Status

StateAccepted
Discussion Thread
Vote Threadhttps://lists.apache.org/thread/8sfh6pwr24jvgdylfmfm2rf610ll6fcy
Vote Result Threadhttps://lists.apache.org/thread/27nqcfbmhvgq90t9lkdyvo1pfphfgn97
Progress Tacking (PR/GitHub Project/Issue Label)
Date Created

2024-03-05


Version Released
AuthorsMaciej Obuchowski 
  

Abstract

This document proposes instrumenting Airflow Hooks and Object Storage to collect dataset updates automatically. The data will be used to gather OpenLineage from additional operators, in addition to operators running user-defined code like PythonOperator and other custom operators. In the future, the gathered datasets could be used to other purposes, like automatically emitting DatasetEvents, making writing dataset-scheduled DAGs easier. Instrumentation feature is proposed to be experimental, and expanded upon and possibly modified upon several Airflow releases due to it’s scope.

Motivation

Currently the lineage information gathered in AIP-53 OpenLineage in Airflow is limited to Operators in which it’s explicitly implemented: this is justified by the lack of information that Airflow possesses about actual data processing. Airflow is extremely flexible when it comes to the variety of tasks it can schedule which are abstracted by Operators.

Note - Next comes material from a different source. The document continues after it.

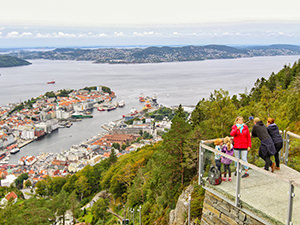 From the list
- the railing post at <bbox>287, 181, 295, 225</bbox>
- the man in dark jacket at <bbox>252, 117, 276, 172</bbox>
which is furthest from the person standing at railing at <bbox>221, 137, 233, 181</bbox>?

Airflow Survey 2023 suggests that data lineage is the second most popular feature requested by Airflow users. However, PythonOperator, which has no support for lineage, is the most popular Airflow Operator, and Airflow gains new features to make writing custom code easier - like TaskFlow API and Object Storage API. OpenLineage can’t get lineage information from those. Implementing instrumentation in those parts would allow OpenLineage to emit lineage and potentially other parts of Airflow to use those in some other way.


Considerations

What change do you propose to make?

There are two general parts to this proposal. First, is directly modifying Hooks and Object Storage to be able to automatically gather consistent, canonically (AIP-60) named datasets. This means instrumenting code that reads, writes or transforms data. We propose to collect this data in AIP-60 format to potentially enable further use cases connected to scheduling and visualizing Datasets in Airflow. In contrast to Operators, Hooks don’t have a single method that is used one time when they are run; also, Operators can use multiple methods and initialize multiple hooks. For this reason, this AIP proposes a model with an additional component on worker (currently named HookLineageCollector) that’s responsible for receiving the Datasets. It will be a class/module, not a separate process.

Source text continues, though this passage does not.